English    Türkçe    فارسی   

3
594-603

  • اهل تن را جمله علم بالقلم ** واسطه افراشت در بذل کرم
  • Ten ehlinin hepsi kalemle, okuyup yazmakla öğrenir, öğretir. Allah kereminin bolluğuyla kalemi, öğretiş ve öğrenişe vasıta halk etmiştir.
  • هر حریصی هست محروم ای پسر ** چون حریصان تگ مرو آهسته‌تر 595
  • Oğul, her hırs sahibi mahrumdur. Harisler gibi öyle koşma, aheste aheste yürü.
  • اندر آن ره رنجها دیدند و تاب ** چون عذاب مرغ خاکی در عذاب
  • Şehirli ve çoluk çocuğu da o yolda karada yaşayan kuşun suda çektiği eziyet ve zahmet gibi eziyetler, zahmetler çektiler.
  • سیر گشته از ده و از روستا ** وز شکرریز چنان نا اوستا
  • Köye de karınları toktu artık, köylüye de.
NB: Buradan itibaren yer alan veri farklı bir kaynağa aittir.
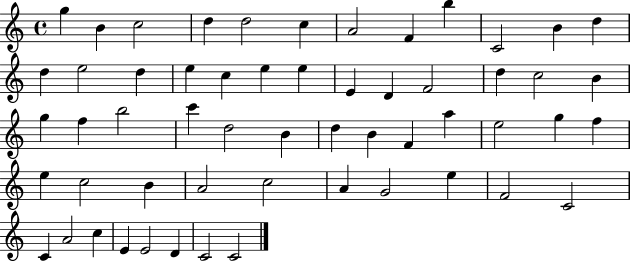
G5/q B4/q C5/h D5/q D5/h C5/q A4/h F4/q B5/q C4/h B4/q D5/q D5/q E5/h D5/q E5/q C5/q E5/q E5/q E4/q D4/q F4/h D5/q C5/h B4/q G5/q F5/q B5/h C6/q D5/h B4/q D5/q B4/q F4/q A5/q E5/h G5/q F5/q E5/q C5/h B4/q A4/h C5/h A4/q G4/h E5/q F4/h C4/h C4/q A4/h C5/q E4/q E4/h D4/q C4/h C4/h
Öyle usta olmadan şeker yapmaya da doymuşlardı, hatta.
  • رسیدن خواجه و قومش به ده و نادیده و ناشناخته آوردن روستایی ایشان را
  • Şehirliyle akrabasının köye varmaları, köylünün onları tanımazlıktan gelmesi
  • بعد ماهی چون رسیدند آن طرف ** بی‌نوا ایشان ستوران بی علف
  • Bir ay sonra kendileri perişan, hayvanları yemsiz bir hâlde o köye vardılar.
  • روستایی بین که از بدنیتی ** می‌کند بعد اللتیا والتی
  • Köylüye bak ki kötü niyeti yüzünden falan feşman diye zırvalamaya,
  • روی پنهان می‌کند زیشان بروز ** تا سوی باغش بنگشایند پوز 600
  • Gündüzleri, bağına, bahçesine yüz tutmasınlar diye onlardan yüzünü gizlemeye koyuldu.
  • آنچنان رو که همه رزق و شرست ** از مسلمانان نهان اولیترست
  • Gizlediği yüz de zaten tamamıyla hile ve riyadan ibaretti. Öyle yüzün, Müslümanlardan gizli kalması daha iyi.
  • رویها باشد که دیوان چون مگس ** بر سرش بنشسته باشند چون حرس
  • Öyle yüzler vardır ki şeytanlar, sinek gibi başına üşüşür, bekçi gibi orada yurt tutar, otururlar.
  • چون ببینی روی او در تو فتند ** یا مبین آن رو چو دیدی خوش مخند
  • Bu çeşit adamların suratını gördün mü ya bakma yahut da mademki baktın, hoşlanıp gülme.